WHAT TO PRODUCE ▸ What lines of the listing include the string "Shoe"? Show them all.
= Beginning of Section =
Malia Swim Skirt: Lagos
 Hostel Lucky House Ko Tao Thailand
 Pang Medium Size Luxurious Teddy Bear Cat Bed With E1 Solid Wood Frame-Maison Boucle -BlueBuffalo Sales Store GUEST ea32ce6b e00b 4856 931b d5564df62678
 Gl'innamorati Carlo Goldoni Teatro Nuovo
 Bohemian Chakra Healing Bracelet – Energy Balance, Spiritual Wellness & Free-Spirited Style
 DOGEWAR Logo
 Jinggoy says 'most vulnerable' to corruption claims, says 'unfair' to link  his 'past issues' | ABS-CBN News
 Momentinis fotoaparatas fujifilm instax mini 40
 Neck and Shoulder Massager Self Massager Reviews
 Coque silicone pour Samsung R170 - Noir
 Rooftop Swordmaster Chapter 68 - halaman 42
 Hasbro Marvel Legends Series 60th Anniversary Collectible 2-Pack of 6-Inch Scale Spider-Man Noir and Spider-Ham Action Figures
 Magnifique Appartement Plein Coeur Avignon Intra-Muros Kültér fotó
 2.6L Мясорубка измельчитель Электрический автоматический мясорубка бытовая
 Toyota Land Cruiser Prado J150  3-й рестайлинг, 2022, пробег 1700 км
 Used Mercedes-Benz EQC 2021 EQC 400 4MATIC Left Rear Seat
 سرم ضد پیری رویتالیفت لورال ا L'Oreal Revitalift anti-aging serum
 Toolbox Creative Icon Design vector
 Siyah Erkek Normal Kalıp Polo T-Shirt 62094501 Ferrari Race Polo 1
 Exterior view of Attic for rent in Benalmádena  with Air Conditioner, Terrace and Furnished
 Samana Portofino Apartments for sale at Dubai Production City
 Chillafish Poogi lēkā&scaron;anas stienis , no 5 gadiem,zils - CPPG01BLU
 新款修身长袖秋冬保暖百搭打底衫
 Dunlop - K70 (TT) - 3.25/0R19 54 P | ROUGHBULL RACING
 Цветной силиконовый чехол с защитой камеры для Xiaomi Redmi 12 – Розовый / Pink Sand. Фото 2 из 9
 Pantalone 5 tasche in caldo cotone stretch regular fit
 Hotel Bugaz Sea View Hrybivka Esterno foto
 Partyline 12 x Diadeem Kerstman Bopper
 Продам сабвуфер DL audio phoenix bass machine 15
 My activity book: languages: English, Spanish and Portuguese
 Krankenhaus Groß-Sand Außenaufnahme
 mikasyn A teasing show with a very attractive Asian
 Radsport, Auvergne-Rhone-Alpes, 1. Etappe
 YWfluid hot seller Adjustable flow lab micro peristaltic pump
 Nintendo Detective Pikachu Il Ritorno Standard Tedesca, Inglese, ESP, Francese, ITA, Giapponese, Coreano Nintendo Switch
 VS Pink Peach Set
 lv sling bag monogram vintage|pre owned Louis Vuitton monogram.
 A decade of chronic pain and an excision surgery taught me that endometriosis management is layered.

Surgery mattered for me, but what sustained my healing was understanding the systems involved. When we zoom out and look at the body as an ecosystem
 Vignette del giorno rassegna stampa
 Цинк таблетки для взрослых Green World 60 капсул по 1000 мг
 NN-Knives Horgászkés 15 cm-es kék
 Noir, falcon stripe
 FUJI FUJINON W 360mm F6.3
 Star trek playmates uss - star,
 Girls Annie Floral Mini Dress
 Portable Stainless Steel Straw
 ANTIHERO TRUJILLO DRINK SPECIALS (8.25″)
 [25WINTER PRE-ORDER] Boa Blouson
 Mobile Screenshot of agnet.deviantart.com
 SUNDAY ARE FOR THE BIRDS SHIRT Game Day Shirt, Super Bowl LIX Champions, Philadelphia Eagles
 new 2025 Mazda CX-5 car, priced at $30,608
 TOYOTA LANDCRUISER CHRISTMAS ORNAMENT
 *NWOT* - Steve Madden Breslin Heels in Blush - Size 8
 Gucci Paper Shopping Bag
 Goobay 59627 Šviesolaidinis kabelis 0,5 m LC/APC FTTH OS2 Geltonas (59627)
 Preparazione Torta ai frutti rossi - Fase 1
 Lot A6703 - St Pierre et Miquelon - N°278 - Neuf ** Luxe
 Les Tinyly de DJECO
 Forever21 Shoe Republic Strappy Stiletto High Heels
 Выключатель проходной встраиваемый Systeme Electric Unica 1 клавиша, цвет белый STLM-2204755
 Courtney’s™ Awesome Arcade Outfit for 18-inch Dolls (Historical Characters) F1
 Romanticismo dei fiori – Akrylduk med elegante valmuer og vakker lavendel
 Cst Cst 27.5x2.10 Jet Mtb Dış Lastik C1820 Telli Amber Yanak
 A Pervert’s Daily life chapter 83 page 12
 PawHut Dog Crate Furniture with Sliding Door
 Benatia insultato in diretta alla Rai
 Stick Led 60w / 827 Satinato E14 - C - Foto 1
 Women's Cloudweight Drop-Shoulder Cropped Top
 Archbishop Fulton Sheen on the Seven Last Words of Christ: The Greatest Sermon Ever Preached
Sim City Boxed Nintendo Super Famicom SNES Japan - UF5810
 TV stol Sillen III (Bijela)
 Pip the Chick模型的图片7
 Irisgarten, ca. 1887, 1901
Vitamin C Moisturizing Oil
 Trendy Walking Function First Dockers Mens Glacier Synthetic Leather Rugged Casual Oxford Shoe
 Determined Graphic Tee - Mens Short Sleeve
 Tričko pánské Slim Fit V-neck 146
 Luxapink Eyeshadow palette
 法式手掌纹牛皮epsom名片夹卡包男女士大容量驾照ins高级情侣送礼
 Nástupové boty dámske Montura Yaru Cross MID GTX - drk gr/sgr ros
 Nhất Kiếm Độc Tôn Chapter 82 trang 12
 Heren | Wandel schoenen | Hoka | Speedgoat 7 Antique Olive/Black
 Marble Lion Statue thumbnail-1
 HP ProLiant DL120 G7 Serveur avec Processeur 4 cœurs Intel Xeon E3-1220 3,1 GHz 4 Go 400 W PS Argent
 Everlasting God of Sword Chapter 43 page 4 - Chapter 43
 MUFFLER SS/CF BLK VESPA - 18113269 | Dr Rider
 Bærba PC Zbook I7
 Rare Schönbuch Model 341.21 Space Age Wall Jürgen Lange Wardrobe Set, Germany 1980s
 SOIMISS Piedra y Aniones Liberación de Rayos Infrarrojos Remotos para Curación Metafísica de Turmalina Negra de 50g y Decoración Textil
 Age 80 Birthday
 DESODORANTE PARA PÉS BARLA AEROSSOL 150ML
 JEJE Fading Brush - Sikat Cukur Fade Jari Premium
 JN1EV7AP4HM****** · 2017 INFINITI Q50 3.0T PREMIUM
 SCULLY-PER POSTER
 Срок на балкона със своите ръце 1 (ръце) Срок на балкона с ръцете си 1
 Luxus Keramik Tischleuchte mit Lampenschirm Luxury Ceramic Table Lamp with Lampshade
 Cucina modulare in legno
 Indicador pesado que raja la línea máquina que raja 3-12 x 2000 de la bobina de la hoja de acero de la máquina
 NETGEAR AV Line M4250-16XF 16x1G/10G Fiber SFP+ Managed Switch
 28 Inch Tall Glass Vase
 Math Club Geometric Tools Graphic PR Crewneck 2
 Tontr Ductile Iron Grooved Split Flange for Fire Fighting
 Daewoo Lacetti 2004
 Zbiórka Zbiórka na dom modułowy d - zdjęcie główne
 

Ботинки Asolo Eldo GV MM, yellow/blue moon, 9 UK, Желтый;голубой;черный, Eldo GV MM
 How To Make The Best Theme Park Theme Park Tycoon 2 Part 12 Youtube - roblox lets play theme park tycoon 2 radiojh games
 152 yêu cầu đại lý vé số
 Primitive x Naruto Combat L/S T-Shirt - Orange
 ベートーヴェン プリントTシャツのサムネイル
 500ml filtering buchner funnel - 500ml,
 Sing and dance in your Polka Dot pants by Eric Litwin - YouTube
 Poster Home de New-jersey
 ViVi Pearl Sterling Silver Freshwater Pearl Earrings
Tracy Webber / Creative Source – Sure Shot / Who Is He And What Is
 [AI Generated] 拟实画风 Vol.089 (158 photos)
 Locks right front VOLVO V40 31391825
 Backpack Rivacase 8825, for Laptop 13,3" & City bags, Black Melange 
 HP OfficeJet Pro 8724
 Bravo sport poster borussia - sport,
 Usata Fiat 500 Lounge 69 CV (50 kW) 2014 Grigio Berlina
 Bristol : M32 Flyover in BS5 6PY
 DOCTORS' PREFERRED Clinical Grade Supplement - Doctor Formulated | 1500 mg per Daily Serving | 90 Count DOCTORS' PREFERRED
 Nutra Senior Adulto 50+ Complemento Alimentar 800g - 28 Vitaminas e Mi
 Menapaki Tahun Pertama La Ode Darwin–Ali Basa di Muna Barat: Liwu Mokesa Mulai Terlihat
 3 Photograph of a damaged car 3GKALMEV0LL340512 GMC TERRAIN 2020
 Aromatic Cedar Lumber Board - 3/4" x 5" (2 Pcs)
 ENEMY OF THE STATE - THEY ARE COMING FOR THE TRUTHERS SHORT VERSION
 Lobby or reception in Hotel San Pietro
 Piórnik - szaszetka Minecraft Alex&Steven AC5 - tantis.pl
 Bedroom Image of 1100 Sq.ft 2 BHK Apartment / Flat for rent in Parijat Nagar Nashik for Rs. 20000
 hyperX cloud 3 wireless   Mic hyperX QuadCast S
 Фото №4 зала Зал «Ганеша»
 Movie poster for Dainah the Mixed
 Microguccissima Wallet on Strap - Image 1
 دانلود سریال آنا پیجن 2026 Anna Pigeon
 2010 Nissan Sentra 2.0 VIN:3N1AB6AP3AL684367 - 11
= End of Section =
WRITTEN ANSWER ▸
 Forever21 Shoe Republic Strappy Stiletto High Heels
 Trendy Walking Function First Dockers Mens Glacier Synthetic Leather Rugged Casual Oxford Shoe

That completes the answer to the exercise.